Among the five 4-PF-related cases of avascular necrosis, that of stage 2 (case 9) occurring in a 59-year-old patient with excellent functional results needs to be set aside, as it was discovered on the X-rays. The four other cases of necrosis are three stage 4 and one stage 5, for which the functional results deteriorated after the 1st year, with radiologically obvious diagnosis from the 15th month. In the four cases, the predictors of poor prognosis factor according to Hertel et al. [9] are observed: no internal hinge, calcar segment absent or fragmented in three cases out of four. Out of the four cases of necrosis, two required hemiarthroplasty revision (13 %), which raised the question of the initial indication for hemiarthroplasty in the 3-/4-PFs.

However, despite the improvements in humeral head prosthesis and special care taken when repairing tuberosities, the hemiarthroplasty result in traumatology does yield better results than reduction and fixation [1, 3, 9, 29]. The use of implants specifically designed for traumatology does not appear to significantly improve the results [30].

Malposition or secondary displacement of the tuberosities is the main complication of hemiarthroplasty in traumatology [2, 31]. Plausinis et al. [32] reports that peri-operative complications are the main factor affecting the clinical result. Therefore, component misalignment can reach 40 %, tuberosity detachment or misalignment 23 % and 27 %, and tuberosity resorption varies from 0 to 7 %.
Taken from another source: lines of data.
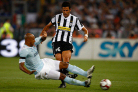 Tackling Fabio Grosso in Lazio / Juve in 2009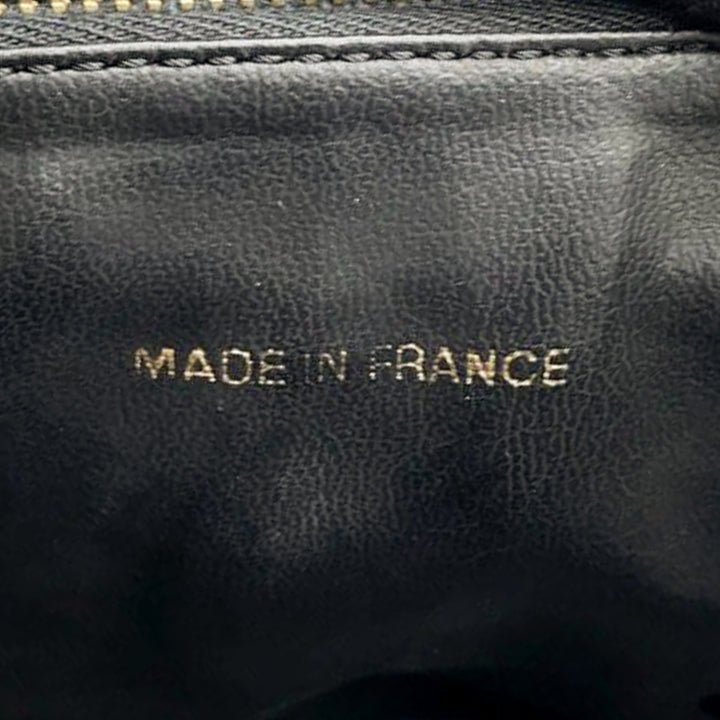 CC Caviar Vanity Bag Black - Gaby Paris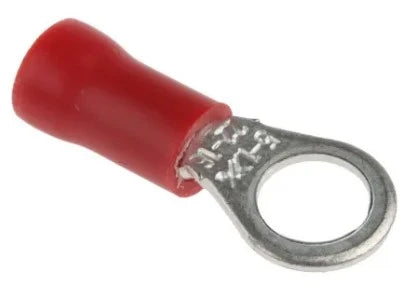 794703 | NE-104703 - Ring terminal M5 pressing type, red 0,25-1,6 mm²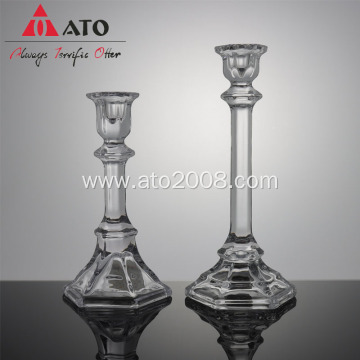 Candlestick Transparent Glass Candle Holders Candlesticks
Due to the difficulties of achieving union of the tuberosities in hemiarthroplasties, use from the outset of a reverse prosthesis has been proposed in the treatment of 3- and 4-PFs [33, 34] and would appear to be increasingly popular [35, 36].

However, use of a reverse prosthesis for 3-/4-PFs is for us a therapeutic leap of faith with major uncertainty as to the long-term outcome of the implants [37, 38]. In reduction and fixation such as we suggest, the implant is no longer under strain after consolidation of the fracture and all complications inherent to any prostheses are avoided. Quasi-systematic union of the tuberosities in our study effectively shows that in a stable and low-metal environment, the outcome is regularly favourable. Nevertheless, where the humeral head has lost all attachment from the soft tissues, as is the case with 4-PFs with the line flush with the head, the risk of avascular necrosis is high and the choice of hemiarthroplasty from the outset would appear to be justified.

Conclusions

ORIF of 3-/4-PFs of the proximal humerus by intra-focal distraction using the JUST implant makes it possible to improve the mechanical difficulties relating to repairing these fractures, by producing stable fixation of the head and reliable healing of the tuberosities. However, this method does not prevent the risk of avascular necrosis of the humeral head. The cementless stem is more convenient but does not produce better results than the cemented stem.